It’s been two years since Covid-19 shut down the world economy and permanently changed the way all of us live and work. In a special section in the March 21 issue, the InvestmentNews team explores the new challenges, and benefits, that resulted from the pandemic and how the new normal has affected the financial services industry for the long term.
Unmonitored messaging apps are cropping up quickly at wealth management firms as advisers return to office life and reshape how they interact with colleagues and clients.
The latest apps like WhatsApp and email platforms like Gmail are beginning to play an oversized role in adviser communications, a trend that could increase as more clients choose to communicate via their smartphones.

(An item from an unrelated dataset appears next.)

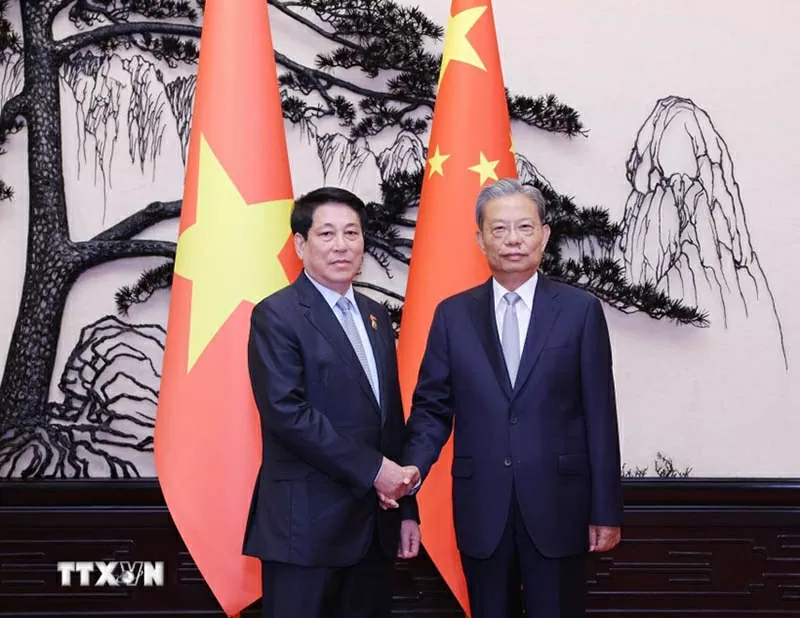 Chủ tịch nước Lương Cường hội kiến Ủy viên trưởng Nhân đại toàn quốc Trung Quốc Triệu Lạc Tế. (Nguồn: TTXVN) Chủ tịch nước Lương Cường hội kiến Ủy viên trưởng Nhân đại toàn quốc Trung Quốc Triệu Lạc Tế. (Nguồn: TTXVN)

The vast majority of Americans (97%) now own a cellular phone of some kind, while the share of smartphone owners with internet connectivity is now 85%, up from just 35% when the Pew Research Center first conducted its annual survey in 2011.
While Wall Street firms have been required for decades to closely monitor and save business communications, the new mobile apps that proliferated during the lockdowns of the pandemic have complicated their oversight efforts in recent years — and are now coming under fire from regulators.
As banks and wealth managers were forced to send workers home amid Covid-19, companies ran into difficulties keeping tabs on advisers who might be using an unmonitored device.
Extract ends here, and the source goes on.